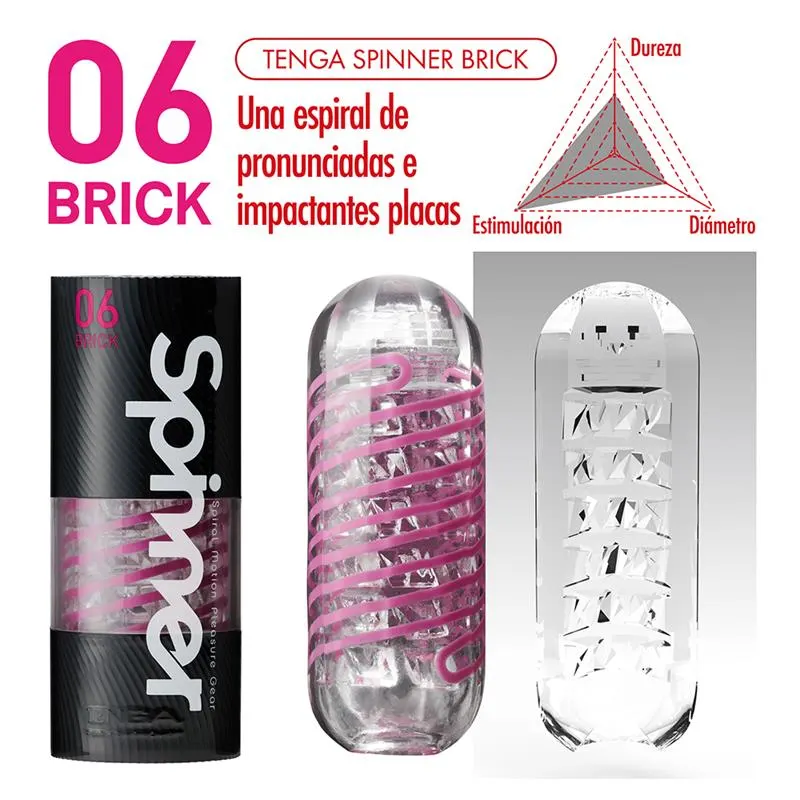 Masturbador Masculino Spinner 06 Brick · TENGA · Masturbadores Él — Foto 2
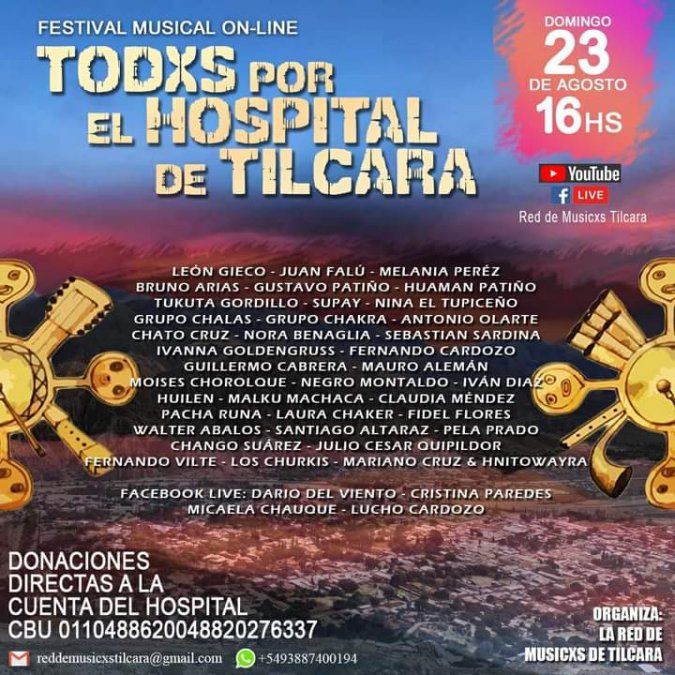 León Gieco, Micaela Chauque y destacados músicos se unen para ayudar al Hospital de Tilcara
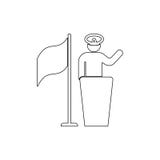 Przyrzeczenie, ?o?nierz, kapitan, chor?gwiana kontur ikona Mo?e u?ywa? dla sieci, logo, mobilny app, UI UX royalty ilustracja Przyrzeczenie, ?o?nierz, kapitan, chor?gwiana kontur ikona Mo?e u?ywa? dla sieci, logo, mobilny app, UI UX royalty ilustracja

______

* DIRECTIONS FOR THIS TASK
From the first line to the last, retype the data above exactly, but not its images.

* ANSWER FOR THE TASK
 Masturbador Masculino Spinner 06 Brick · TENGA · Masturbadores Él — Foto 2
 León Gieco, Micaela Chauque y destacados músicos se unen para ayudar al Hospital de Tilcara
 Przyrzeczenie, ?o?nierz, kapitan, chor?gwiana kontur ikona Mo?e u?ywa? dla sieci, logo, mobilny app, UI UX royalty ilustracja Przyrzeczenie, ?o?nierz, kapitan, chor?gwiana kontur ikona Mo?e u?ywa? dla sieci, logo, mobilny app, UI UX royalty ilustracja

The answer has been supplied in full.